There are several stumbling effects of flagged revs.
The vandalism will have a larger window where it will be observed before it goes away unnoticed. This is often named probability of detection in military projects. In the present UI in Wp this is a major problem. The window is very short and when the vandalism passes out of this window the chance of detection rapidly drops of to a level given by the reading frequency of the article. The sighting process will (can) lock the vandalism in a indefinitely much larger window. This increases the PoD but will also be the prime reason why people observe that the system doesn't scale well. That is, the users observe the edits that previously went away unnoticed.

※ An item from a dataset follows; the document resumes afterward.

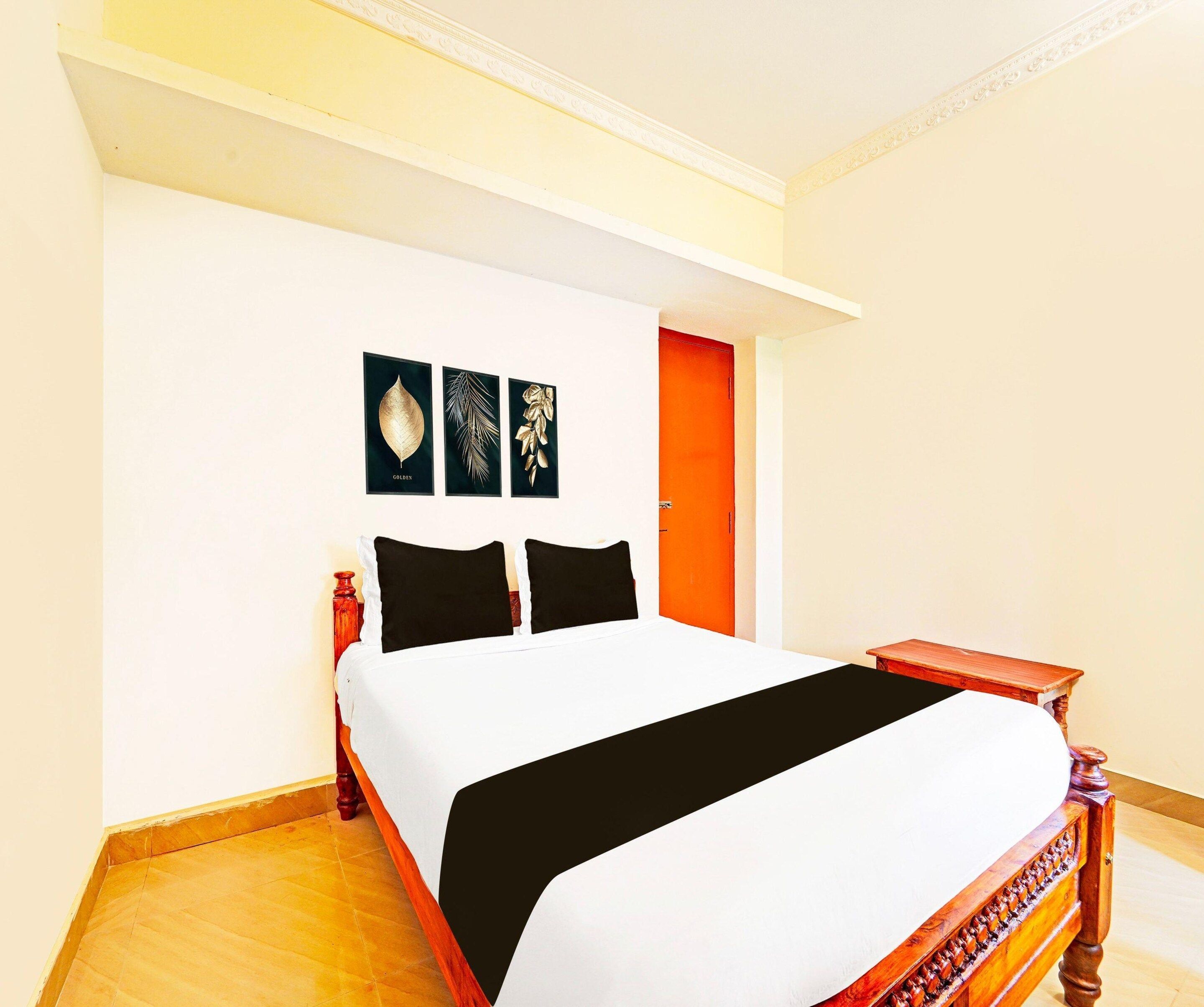 Una habitació d'hotel amb un llit, una taula de nit, una banca de fusta i una porta.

An other thing closely related to this is an ability to verify several previous versions in one operation, ie qualifying a new version as sighted without regard to previous history. This makes the whole process much more effective then the present method of patrolling. As a guesstimate this can give a factor of 2-3 times, but limited to how effective the UI is on conveying the information from the previous edits.

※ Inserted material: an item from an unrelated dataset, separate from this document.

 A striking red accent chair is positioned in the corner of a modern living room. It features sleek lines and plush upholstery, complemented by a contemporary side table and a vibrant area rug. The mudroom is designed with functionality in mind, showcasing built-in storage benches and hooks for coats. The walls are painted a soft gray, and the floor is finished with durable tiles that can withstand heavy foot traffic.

Lastly there are a very odd effect that will emerge if the users that do patroling/sighting observe the ''unsighted'' versions in a cumulative way. By marking the versions as sighted they will successive concentrate on those versions that contains vandalism. This increases the effectiveness several times, increases the time one unsighted version is observable and therefore increases PoD.
I believe sighted versions will need fewer patrolers because they will be more effective, and the result will be articles with less vandalism. Unfortunatly the system breaks down ungracefully when the patrolers can't keep up and the vandalism starts to pile up. On the good side the heap of vandalism can be handled later as long as the heap don't consistently builds up over some time.
John E